The password sync option allows you to automatically synchronize users LDAP passwords to your local database. These passwords are hashed natively by Laravel using the `Hash::make()` [method](https://laravel.com/docs/5.7/hashing#basic-usage).

Enabling this option would also allow users to login to their accounts using the password last used when an LDAP connection was present.

If this option is disabled, the local database account is applied a random 16 character hashed password upon first login, and will lose access to this account upon loss of LDAP connectivity.

This option must be true or false and is only applicable
to the `DatabaseUserProvider`.

### Column

The column option allows you to change the database column that contains the users password.

Change this if your database column is different than `password` and you have enabled the above sync option.

## Login Fallback

The login fallback option allows you to login as a local database user using the default Eloquent authentication
driver if LDAP authentication fails. This option is handy in environments where:

- You may have some directory users and other users registering through
  the website itself (user does not exist in your LDAP directory).
- Your LDAP server goes down and may be unavailable

> **Note**: If you would like users to be able to login if your LDAP server is unavailable, you must
> also enable the above [Password Sync](#sync) option.
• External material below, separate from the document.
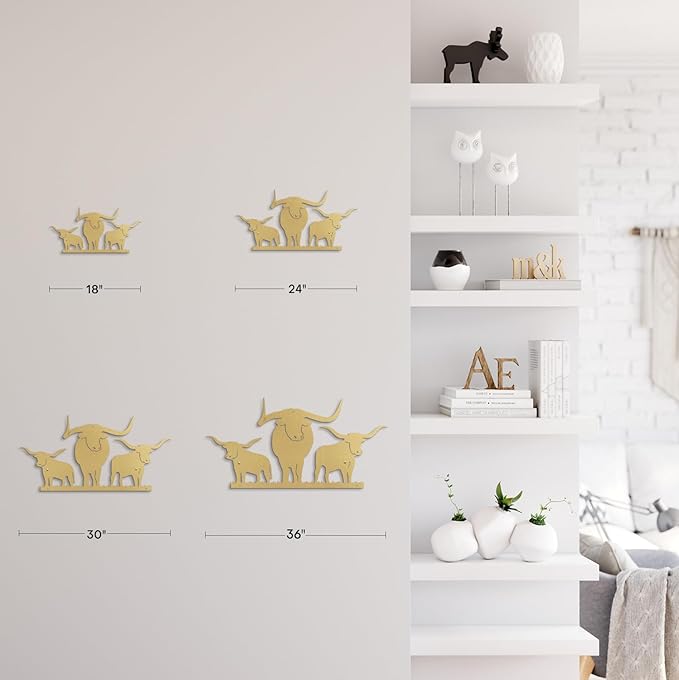 SIGNLEADER Metal Wall Art Decor Three Cows Minimalist Modern Abstract Wall Sculpture Hangings Home Decoration for Living Room, Bedroom, Bathroom, Kitchen, Outdoor - 18" Gold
Otherwise, users will fail authentication
> because their password has not been synchronized, and therefore will be incorrect.
>
> Users must have logged in once prior to your LDAP server going down, as their account will not yet exist in the database.

To enable it, simply set the option to true in your `config/ldap_auth.php` configuration file:

```php
'login_fallback' => env('LDAP_LOGIN_FALLBACK', true), // Set to true.
```

## Synchronizing

Inside your `config/ldap_auth.php` file there is a configuration option named `sync_attributes`. This
is an array of attributes where the key is the eloquent `User` model attribute, and the
value is the active directory users attribute:

```php
'sync_attributes' => [
    'email' => 'userprincipalname',
    'name' => 'cn',
],
```

By default, the `User` models `email` and `name` attributes are synchronized to
the LDAP users `userprincipalname` and `cn` attributes.
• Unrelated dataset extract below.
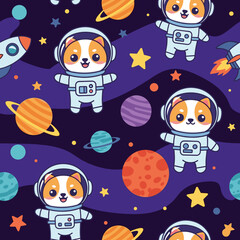 Adorable cartoon astronaut dogs exploring a vibrant space with planets stars and rockets Fun design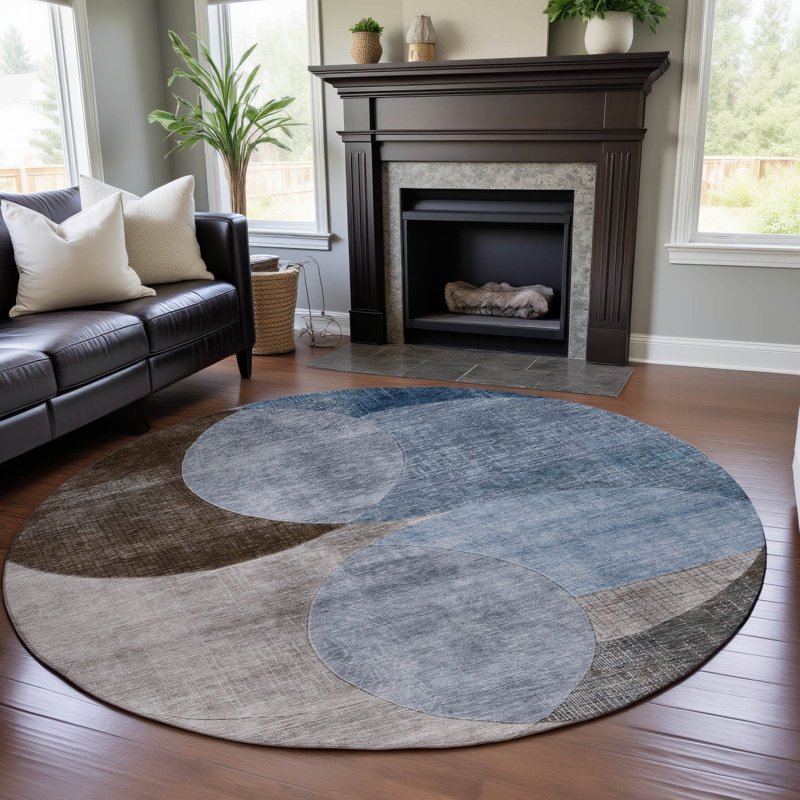 Tapis géométrique de qualité supérieure lavable à la machine AMF1140, Rond 8 pi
This means, upon login, the users `email` and `name` attribute on Laravel `User` Model will be set to the
LDAP users `userprincipalname` and common name (`cn`) attribute, **then saved**.

Feel free to add more attributes here, however be sure that your `users` database table contains
the key you've entered, otherwise you will receive a SQL exception upon authentication, due
to the column not existing on your users database table.

### Attribute Handlers

If you're looking to synchronize an attribute from an Adldap2 model that contains an array or an
object, or sync attributes yourself, you can use an attribute handler class
to sync your model attributes manually. For example:

> **Note**: The class must contain a `handle()` method. Otherwise you will receive an exception.

> **Tip**: Attribute handlers are constructed using the `app()` helper. This means you can type-hint any application
> dependencies you may need in the handlers constructor.

```php
'sync_attributes' => [
    
    App\Handlers\LdapAttributeHandler::class,

],
```

The `LdapAttributeHandler`:

```php
namespace App\Handlers;

use App\User as EloquentUser;
use Adldap\Models\User as LdapUser;

class LdapAttributeHandler
{
    /**
     * Synchronizes ldap attributes to the specified model.
     *
     * @param LdapUser     $ldapUser
     * @param EloquentUser $eloquentUser
     *
     * @return void
     */
    public function handle(LdapUser $ldapUser, EloquentUser $eloquentUser)
    {
        $eloquentUser->name = $ldapUser->getCommonName();
    }
}
```

## Logging

The `logging` array contains a list of the events to be logged when certain [events](auth/events.md) occur using Adldap2-Laravel.

Each element in the array consists of the key (the occurring event) and the value (the listener that performs the logging of said event).

You can remove any or all of these if you'd prefer nothing to be logged for the event. No passwords are logged with any of the events.